After more than a decade of fronting Antony and the Johnsons, front woman Anohni released her much-celebrated, debut album, Hopelessness, in May 2016. With the benefit of hindsight, the album was more than just a masterpiece. It was timely and poignant, revealing the instability and chaos that were brimming below the surface but have risen since the events of last autumn. Last week, she unveiled Paradise, a six-track EP, which is essentially an appendix to her stellar LP.
Collaborating once again with Oneohtrix Point Never and Hudson Mohawke, Anohni has made electronic music into the palette for contemporary protest songs. The result is a fascinating and at times visceral experience, such as the incredibly moving title track, “Paradise”. The track verges of trip-hop with its hypnotic and dark soundscapes while Anohni describes a dystopian world that is both beautiful and terrifying and where the notion of freedom is a fleeting memory.
My mother’s love, her gentle touch.
My father’s hand rests on my throat.
Hopelessness, myself I’m here not here.
“Jesus Will Kill You” sees Anohni adopt a more menacing tone, as she takes on corporate conservatives and criticizing them for their hypocrisy.
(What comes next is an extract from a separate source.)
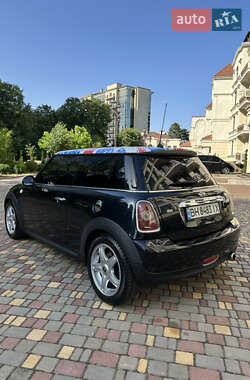 Хэтчбек MINI Cooper 2007 в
Specifically, she calls them out for putting their self-interests ahead of others and building their empires by taking advantage of the vulnerable. The song is enthralling for how Anohni has taken a well-known conservative attack and turn it back on them. On “You Are My Enemy”, a more solemn and even remorseful tone is heard. The words, “I gave birth to my own enemy”, is incredibly powerful, as it gives the image of a mother and her offspring at odds, as differing values collide and the end of a family occurs.
“Ricochet” at first sounds like a euphoric and uplifting number, as OPN and Hudson Mohawke produce a soundscape that is cosmic and verges on ethereal. But as Anohni exclaims…
I don’t want to ricochet because I’m afraid.
I’m going to hate you my god.
I’m going to curse you my god.
…it becomes immediately clear that she is expressing her rage for the events of today and of a movement that aims to turn back 300 years of progress within a single year. This rage is turned melancholic on “She Doesn’t Mourn Her Loss”. On this soothing, Radiohead-esque number, Anohni turns into a narrator, telling the story of Earth and how it is slowly crumbling away. The final words by a Native American elder is moving, and her voice adds to the gravity of the song’s message and, for that matter, the loss of innocence that permeates across Paradise.